> **Task details**: Print every line below exactly. Skip the pictures.

> **Input data**:

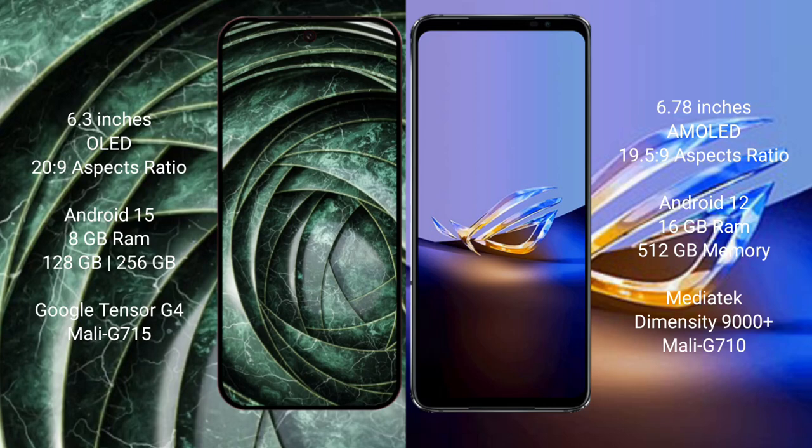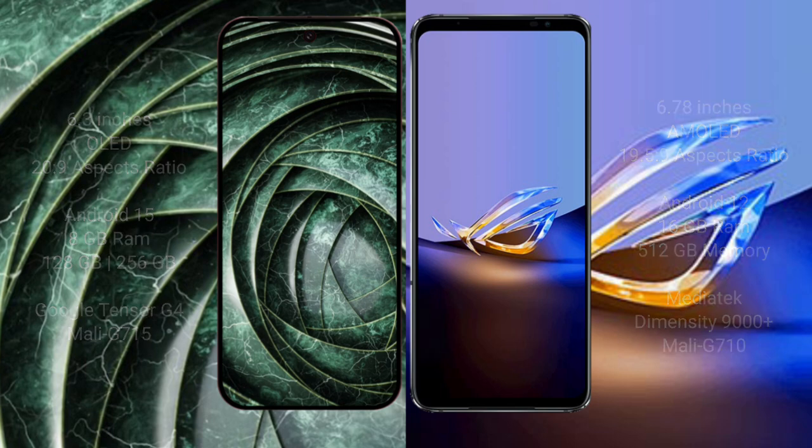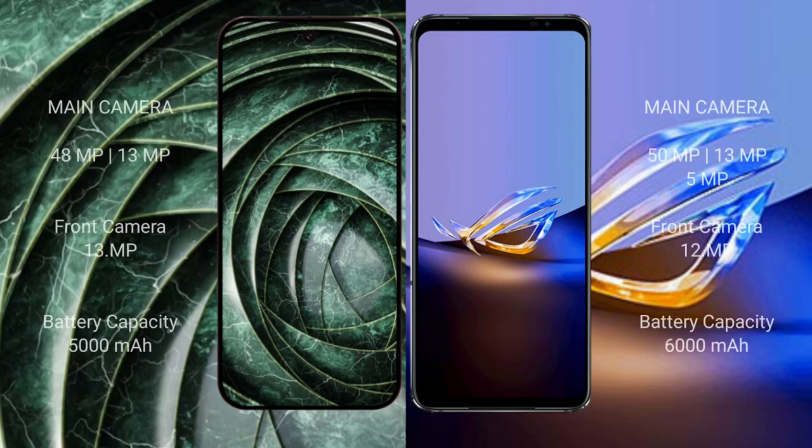The ASUS ROG Phone 6D Ultimate runs on the Android 12 operating system. It comes with 16GB RAM and 512GB internal storage, powered by the MediaTek Dimensity 9000 Plus processor and GPU Mali 710.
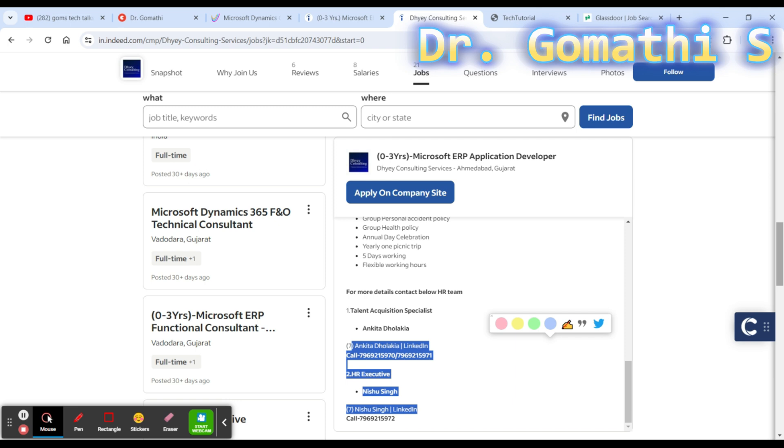I don't know this company personally. I just saw these openings in the website and I'm just explaining this to you - how to find the job.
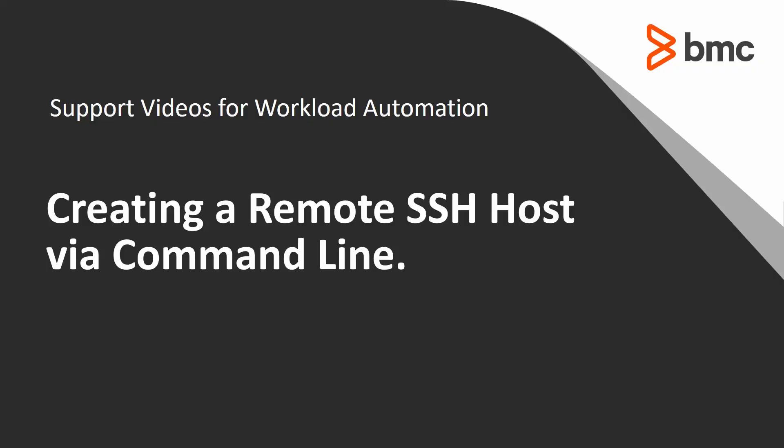Welcome to the Control-M Video Solutions channel. Today we are going to show you how to create a remote Secure Shell host via the command line. This can come in handy when you want to automate the creation of many agents or you do not have access to the CCM.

> **Solved problem**:
The ASUS ROG Phone 6D Ultimate runs on the Android 12 operating system. It comes with 16GB RAM and 512GB internal storage, powered by the MediaTek Dimensity 9000 Plus processor and GPU Mali 710.
I don't know this company personally. I just saw these openings in the website and I'm just explaining this to you - how to find the job.
Welcome to the Control-M Video Solutions channel. Today we are going to show you how to create a remote Secure Shell host via the command line. This can come in handy when you want to automate the creation of many agents or you do not have access to the CCM.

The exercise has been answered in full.